Sunday, 3 January 2016

Tomas de Torquemada, the Inquisitor

16th September 1498 was the day on which died one of the most evil men to have ever lived. However, like many such people he was utterly convinced that he was on the side of justice and was doing “God’s will”. It is amazing how religious zeal can persuade some people to act in the most unspeakably cruel and villainous ways.

The man in question was Tomas de Torquemada, a Dominican monk who, in 1483, had been entrusted by Pope Sixtus IV to lead the “Holy Inquisition” in Spain. The aim of this institution was to root out heresy from Spain, which Torquemada understood to mean discovering and punishing “Marranos”, Jews who had ostensibly converted to Christianity but who still practised Judaism in secret.

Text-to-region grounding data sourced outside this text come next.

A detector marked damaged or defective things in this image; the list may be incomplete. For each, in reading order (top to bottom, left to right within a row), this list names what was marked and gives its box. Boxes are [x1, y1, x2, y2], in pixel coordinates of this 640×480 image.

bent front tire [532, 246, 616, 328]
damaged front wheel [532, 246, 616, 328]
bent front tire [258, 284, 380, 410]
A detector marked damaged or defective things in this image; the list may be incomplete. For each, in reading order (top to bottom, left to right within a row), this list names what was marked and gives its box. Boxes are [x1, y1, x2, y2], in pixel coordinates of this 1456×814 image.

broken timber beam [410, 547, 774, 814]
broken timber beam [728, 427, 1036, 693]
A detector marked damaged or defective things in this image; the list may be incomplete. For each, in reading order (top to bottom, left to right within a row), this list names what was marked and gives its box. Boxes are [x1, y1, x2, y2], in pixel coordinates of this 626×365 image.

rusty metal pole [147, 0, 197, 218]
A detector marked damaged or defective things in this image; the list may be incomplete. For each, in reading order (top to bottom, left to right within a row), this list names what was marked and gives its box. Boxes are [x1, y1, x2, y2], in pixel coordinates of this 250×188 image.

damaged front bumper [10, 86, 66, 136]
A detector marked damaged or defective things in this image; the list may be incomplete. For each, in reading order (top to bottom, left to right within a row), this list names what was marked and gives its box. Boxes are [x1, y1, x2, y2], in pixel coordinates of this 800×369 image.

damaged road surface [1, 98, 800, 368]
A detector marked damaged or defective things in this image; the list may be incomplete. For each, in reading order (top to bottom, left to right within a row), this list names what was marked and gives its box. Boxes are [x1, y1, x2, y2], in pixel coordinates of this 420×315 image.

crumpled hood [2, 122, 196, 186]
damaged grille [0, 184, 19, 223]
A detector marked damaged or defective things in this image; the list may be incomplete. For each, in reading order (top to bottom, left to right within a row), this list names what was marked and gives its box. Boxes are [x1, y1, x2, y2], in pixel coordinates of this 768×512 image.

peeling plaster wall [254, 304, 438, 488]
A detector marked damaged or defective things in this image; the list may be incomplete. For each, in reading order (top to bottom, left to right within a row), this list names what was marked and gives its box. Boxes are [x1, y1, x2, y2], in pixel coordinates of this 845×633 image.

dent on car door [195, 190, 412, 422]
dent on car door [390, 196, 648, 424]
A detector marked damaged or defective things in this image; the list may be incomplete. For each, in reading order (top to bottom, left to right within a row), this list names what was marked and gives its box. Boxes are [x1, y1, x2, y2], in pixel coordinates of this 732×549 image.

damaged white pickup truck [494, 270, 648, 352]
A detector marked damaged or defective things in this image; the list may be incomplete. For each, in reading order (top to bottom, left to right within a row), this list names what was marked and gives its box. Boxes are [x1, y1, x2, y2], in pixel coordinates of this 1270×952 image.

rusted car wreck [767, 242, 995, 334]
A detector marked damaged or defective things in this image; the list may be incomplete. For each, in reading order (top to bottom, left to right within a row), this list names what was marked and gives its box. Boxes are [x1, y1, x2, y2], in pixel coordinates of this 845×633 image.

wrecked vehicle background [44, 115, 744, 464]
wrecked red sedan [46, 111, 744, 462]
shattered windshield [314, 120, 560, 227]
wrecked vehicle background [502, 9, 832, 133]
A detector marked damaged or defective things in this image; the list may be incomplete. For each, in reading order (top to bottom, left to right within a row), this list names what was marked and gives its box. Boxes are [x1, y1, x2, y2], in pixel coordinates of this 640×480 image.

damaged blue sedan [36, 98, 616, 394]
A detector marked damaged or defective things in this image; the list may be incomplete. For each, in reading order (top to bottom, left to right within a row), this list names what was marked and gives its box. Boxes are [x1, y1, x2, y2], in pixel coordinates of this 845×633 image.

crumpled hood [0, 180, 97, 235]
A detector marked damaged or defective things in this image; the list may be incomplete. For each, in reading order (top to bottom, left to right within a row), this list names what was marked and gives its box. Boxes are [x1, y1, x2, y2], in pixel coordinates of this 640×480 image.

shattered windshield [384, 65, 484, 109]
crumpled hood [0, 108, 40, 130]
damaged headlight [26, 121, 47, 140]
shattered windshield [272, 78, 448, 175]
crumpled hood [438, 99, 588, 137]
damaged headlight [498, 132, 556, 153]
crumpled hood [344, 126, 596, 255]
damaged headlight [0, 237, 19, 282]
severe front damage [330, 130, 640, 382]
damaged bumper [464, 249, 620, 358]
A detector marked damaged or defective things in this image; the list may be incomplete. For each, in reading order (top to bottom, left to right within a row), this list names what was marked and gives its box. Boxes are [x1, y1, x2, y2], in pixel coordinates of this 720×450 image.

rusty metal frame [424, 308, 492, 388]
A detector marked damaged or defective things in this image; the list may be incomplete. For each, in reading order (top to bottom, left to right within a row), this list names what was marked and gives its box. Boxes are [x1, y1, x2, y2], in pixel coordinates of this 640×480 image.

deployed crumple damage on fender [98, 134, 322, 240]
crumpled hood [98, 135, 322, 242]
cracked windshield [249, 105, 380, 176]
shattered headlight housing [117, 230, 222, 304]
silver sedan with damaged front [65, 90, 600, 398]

Torquemada took his work extremely seriously, gathering a network of spies and arming himself with “enforcers” in the shape of 50 armed knights and 200 foot soldiers. There was nothing he would not do to extract a confession, followed by punishment. It is true that not every victim was burned at the stake – this was the fate of possibly as few as 2,000 discovered Jews – but at least 25,000 others received less severe punishments after they had been tortured into confession.

It seems unlikely that Torquemada’s career was unknown to the Nazis of a later age, because there are distinct parallels between their persecutions of Jews. Torquemada confiscated Jewish property, flogged Jews in public and forced them to wear yellow shirts with crosses sewn on them – a chilling precursor of the yellow stars that the Nazis forced German Jews to wear.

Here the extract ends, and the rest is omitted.